What we get instead is a perfunctory faux backlash whose dimensions are effectively presaged by Thomas Frank’s What’s the Matter With Kansas? One is the sight of blue-state urban media elites rising to defend the ostensible sensibilities of imagined heartland Americans. Needless to say, Bill O’Reilly and company aren’t doing them any favors by projecting their antipathy towards their imagined “gay cowboy movie” onto the imagined faceless cornfield-dwelling masses. But speaking for an imagined heartland, like speaking against an imagined “political correctness” regime (for extra credit, do both at once), provides conservatives an excuse to fulminate against unpopular minorities while touting their own tolerance. It’s not that their intolerant, it’s just that they take offense at the hated liberals’ supposed intolerance of other people’s supposed intolerance.

Such targeting, too, is laid out well in Frank’s book: The enemy isn’t people who are gay. It’s the liberal elites who think they know better than everyone else. Such anti-elite animus has a much broader constituency than naked anti-gay animus (even gay conservatives can – and do – sign on). The people who made Brokeback Mountain are the same ones, Coulter and company insist, who want to reach down and take away all the guns, who want to reach up and pull down the Ten Commandments, and who make an annual tradition of warring against Christmas. Despite its own contradictions (as Frank ably argues, the elite theory requires suspending the media from the principles of the free market in which good conservatives believe so fervently), the anti-elite animus serves to tap into the real class resentment of working Americans while giving those in the real elite a way to decry what the hated liberals produce without admitting to actual prejudice. It’s a colossal cop-out. But it’s also a brilliant way to broaden the supposed backlash and deepen its political cache.

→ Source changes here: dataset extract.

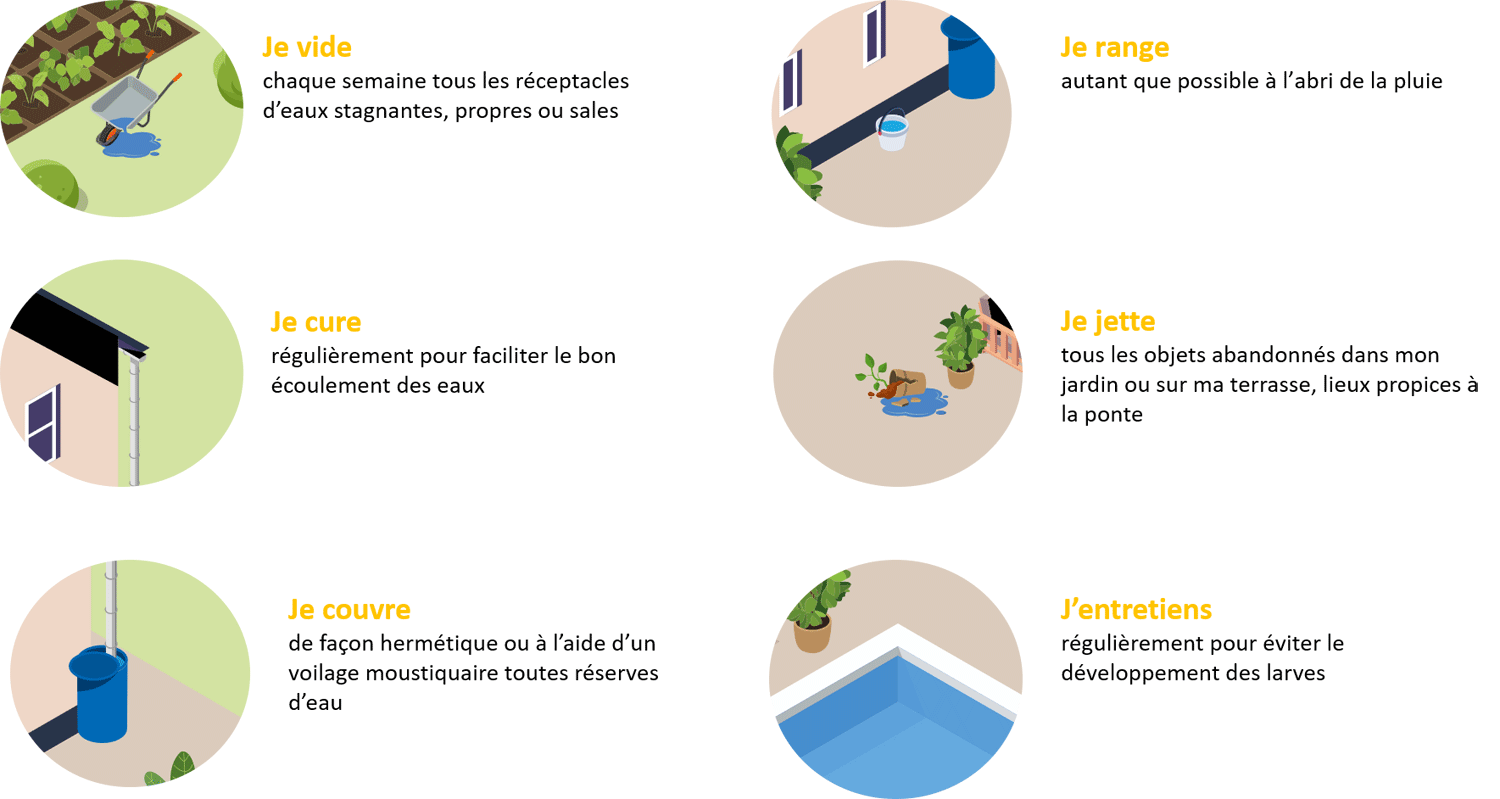 Consignes pour limiter la présence du moustique tigre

So what do we do about it? Broaden the class depictions of gay men and women in politics and popular media. And build a progressive movement that can push the Democratic party to offer an agenda that speaks to this country’s real class divisions as compellingly as the Republican party speaks to imagined class aesthetics. For a start.

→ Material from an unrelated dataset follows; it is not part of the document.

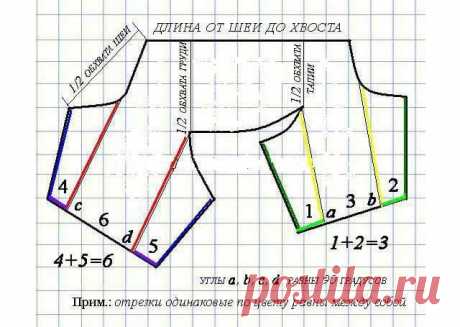 Одежда для шпица: как сделать своими руками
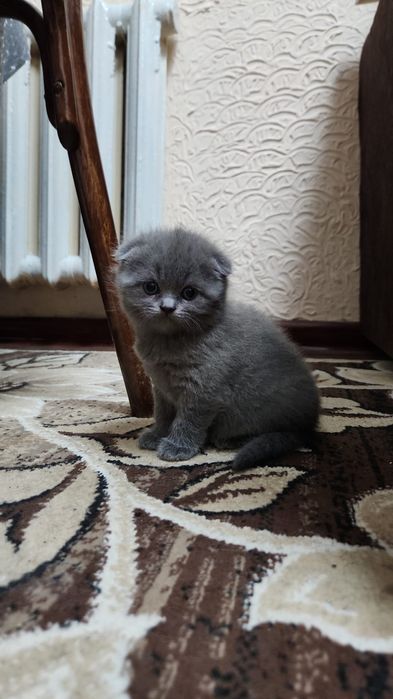 Продаются котята скотиш фолд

I got some skepticism from my family after we saw The Incredibles when I said I enjoyed it but I didn’t like the politics. But it really was the most conservative movie I think I’ve seen since S.W.A.T.. What’s interesting is the way it turns the liberal paradigm of a super hero film like Spiderman 2 on its head. In Spiderman the basic conflict is one extraordinarily powerful man’s struggle to resist, and then comes to terms with the great responsibility that comes with his great power. His exercise of great power for just ends is critical in facing down society’s great enemy: A creature seeking to consolidate all power for itself, at the expense of the most vulnerable members of society.

In The Incredibles, the victims are not the powerless, but the empowered. The movie is soaked in what Jon Stewart called “the anger of the enfranchised.” Society’s superior, more powerful members are held back by the resentment of the masses who are driven by jealousy to bring them down. Armies of lawyers and reams of regulations are deployed by the masses against their betters, leaving the super heroes bored and petulant and the masses unsafe. And who’s the ultimate adversary this elite must spring into action to confront? A scientist who resents that he couldn’t be a super hero. What’s his dastardly plan? To use science to give the masses super powers of their own so that they can be special too. And, various characters contend throughout the script, “If everyone’s special, then no one is special” (Says who?). The society of Spiderman is threatened by Enrons and Halliburtons; the society of The Incredibles is threatened by affirmative-action-admits and welfare queens.

The question posed by these movies, then, is which represents the real threat. Is America more endangered by those working to empower the disempowered, or by those working to further consolidate power for a narrow elite? I think it’s clear where I come down on this one.